**Try it**
Copy exactly, beginning with the line holding "A house with" and ending with the final line of the data beneath this task; copy nothing else, and leave out every picture.

*** Extracted records ***

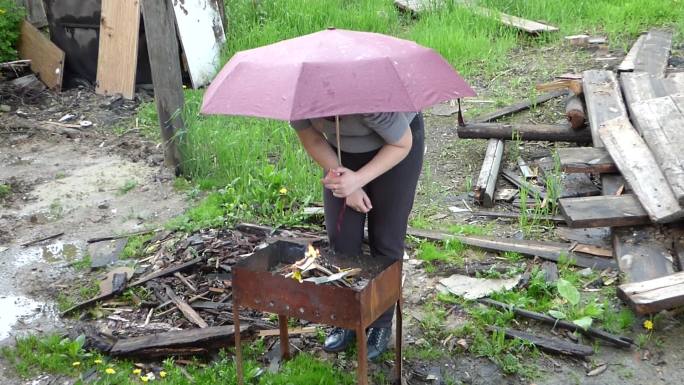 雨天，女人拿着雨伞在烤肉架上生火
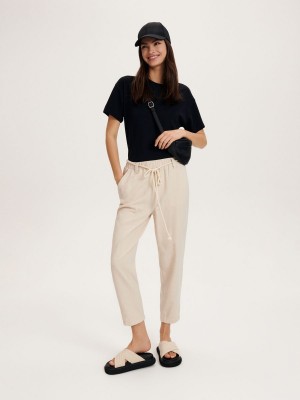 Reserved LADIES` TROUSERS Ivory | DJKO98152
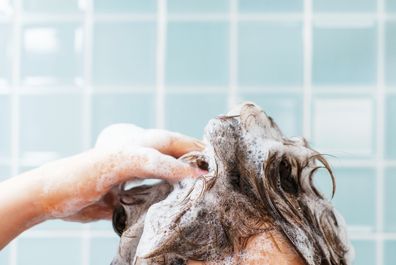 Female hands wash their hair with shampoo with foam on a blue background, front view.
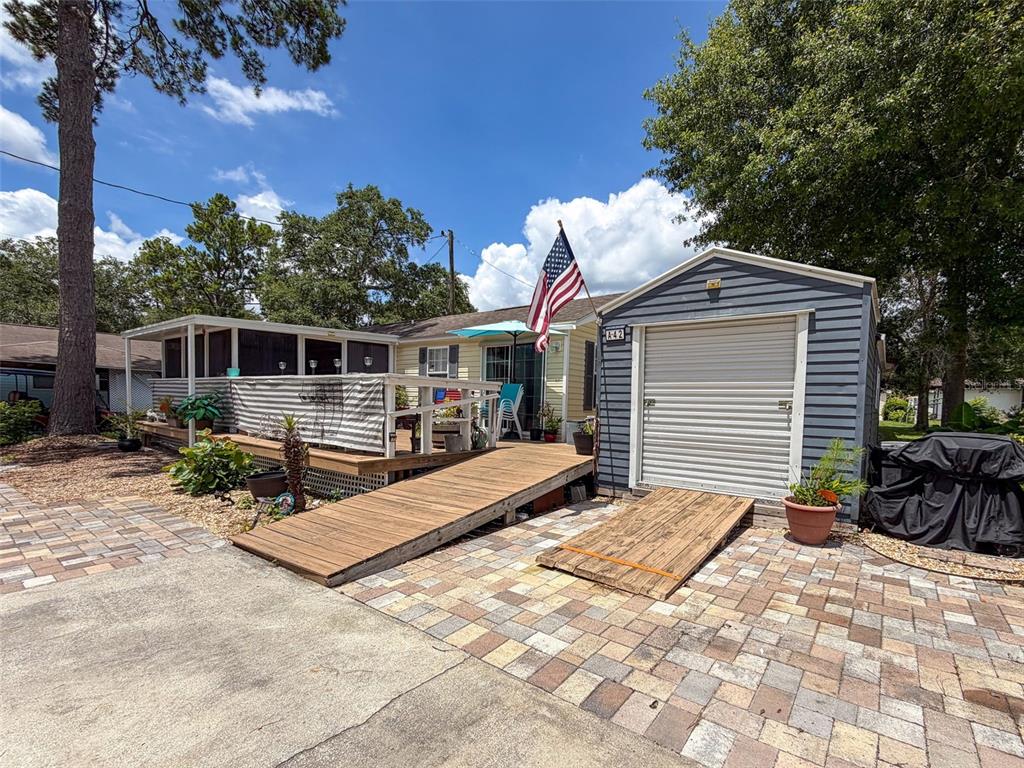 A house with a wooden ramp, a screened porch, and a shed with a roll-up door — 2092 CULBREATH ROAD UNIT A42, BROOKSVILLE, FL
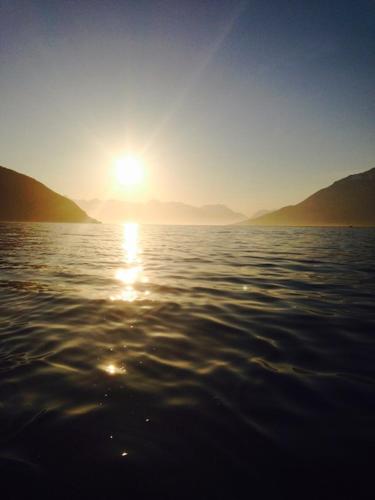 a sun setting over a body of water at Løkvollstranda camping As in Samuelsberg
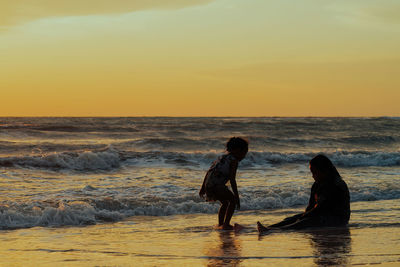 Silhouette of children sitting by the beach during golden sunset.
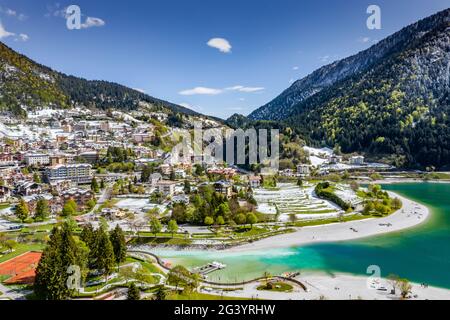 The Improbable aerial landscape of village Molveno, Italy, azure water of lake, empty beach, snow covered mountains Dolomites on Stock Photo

*** End of Extracted records ***

**Written answer**
 A house with a wooden ramp, a screened porch, and a shed with a roll-up door — 2092 CULBREATH ROAD UNIT A42, BROOKSVILLE, FL
 a sun setting over a body of water at Løkvollstranda camping As in Samuelsberg
 Silhouette of children sitting by the beach during golden sunset.
 The Improbable aerial landscape of village Molveno, Italy, azure water of lake, empty beach, snow covered mountains Dolomites on Stock Photo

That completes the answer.